→ **TASK TO COMPLETE**
Set down the records exactly as they stand, except for any pictures, which you should omit.

◇ ◇ ◇ ◇

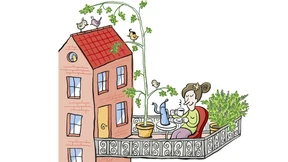 Betula, du alte Pionierin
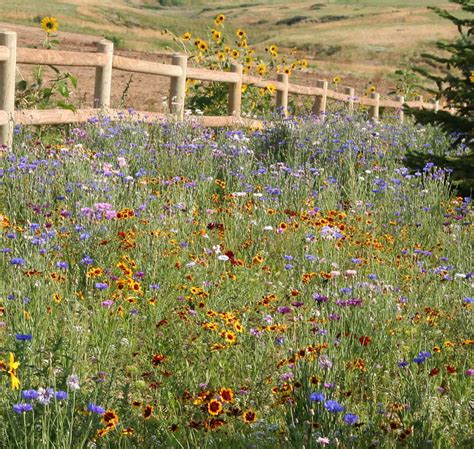 Wildflower Meadow Garden
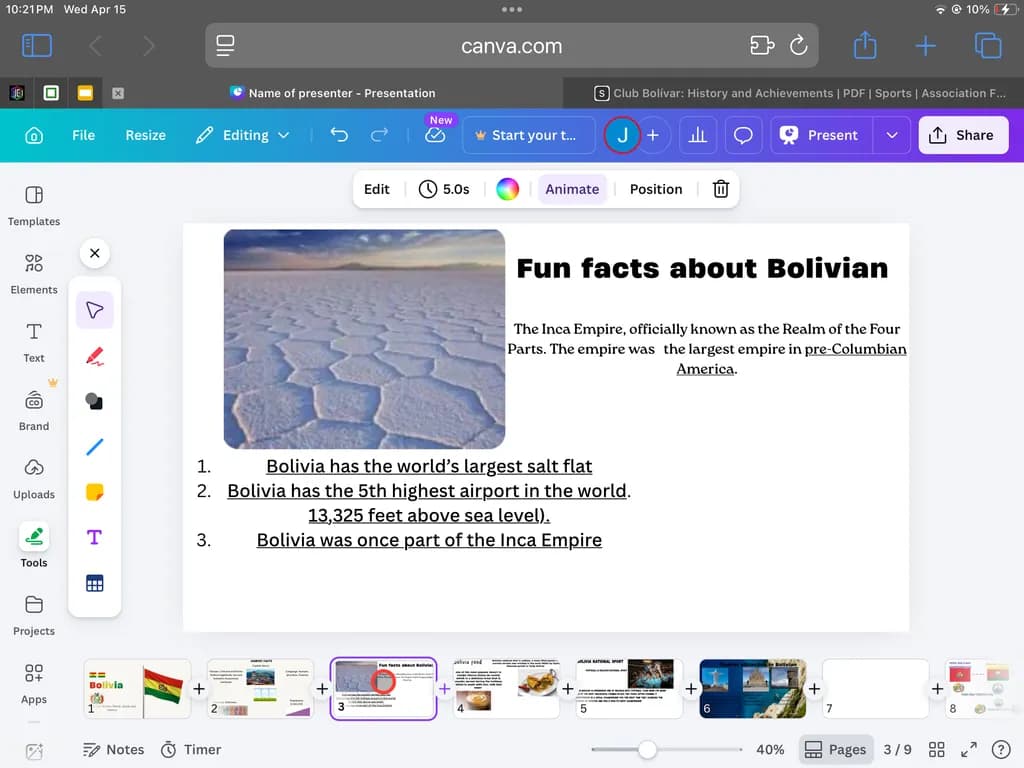 Bolivia's Salt Flats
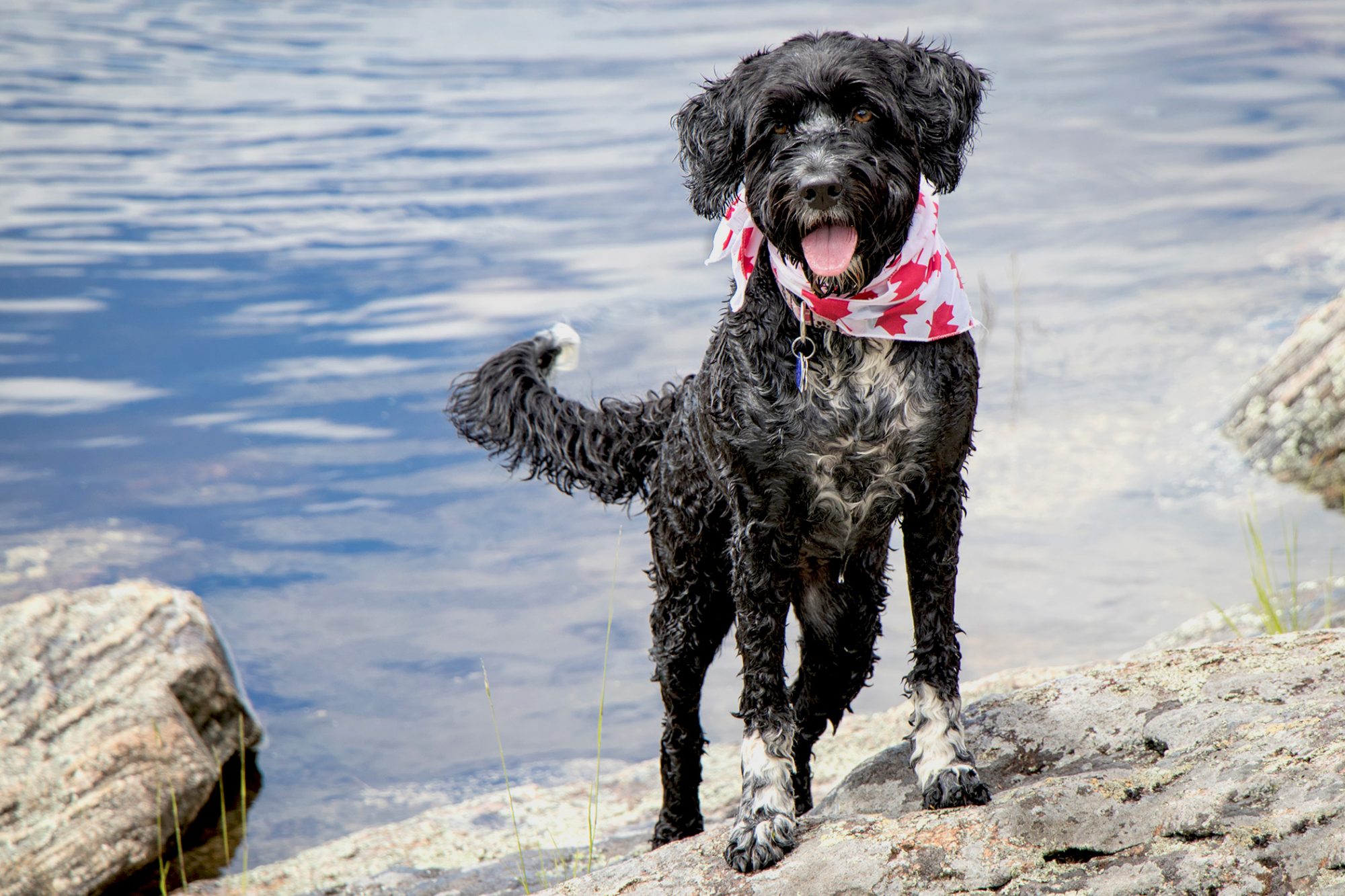 ポーチュギ－ズ・ウォーター・ドッグ-Portuguese-Water-Dog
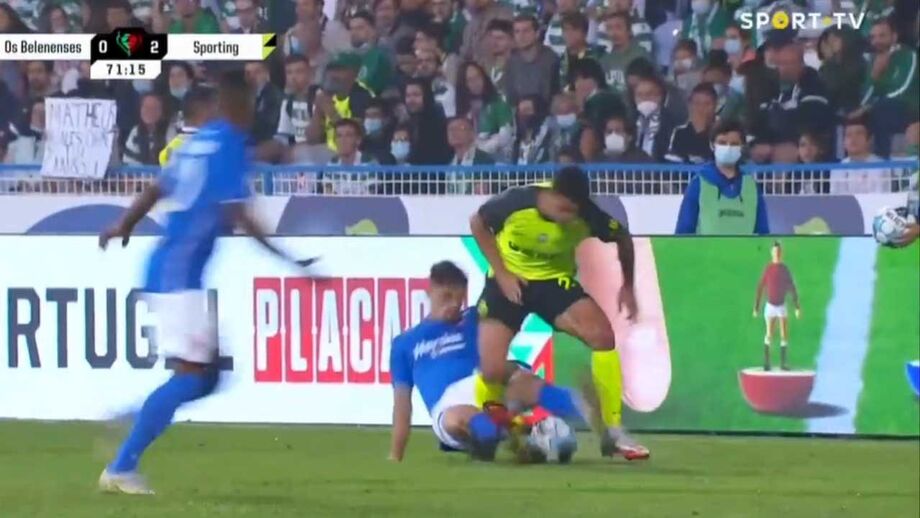 Verdão lidera o campeonato brasileiro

◇ ◇ ◇ ◇

→ **ANSWER SPACE**
 Betula, du alte Pionierin
 Wildflower Meadow Garden
 Bolivia's Salt Flats
 ポーチュギ－ズ・ウォーター・ドッグ-Portuguese-Water-Dog
 Verdão lidera o campeonato brasileiro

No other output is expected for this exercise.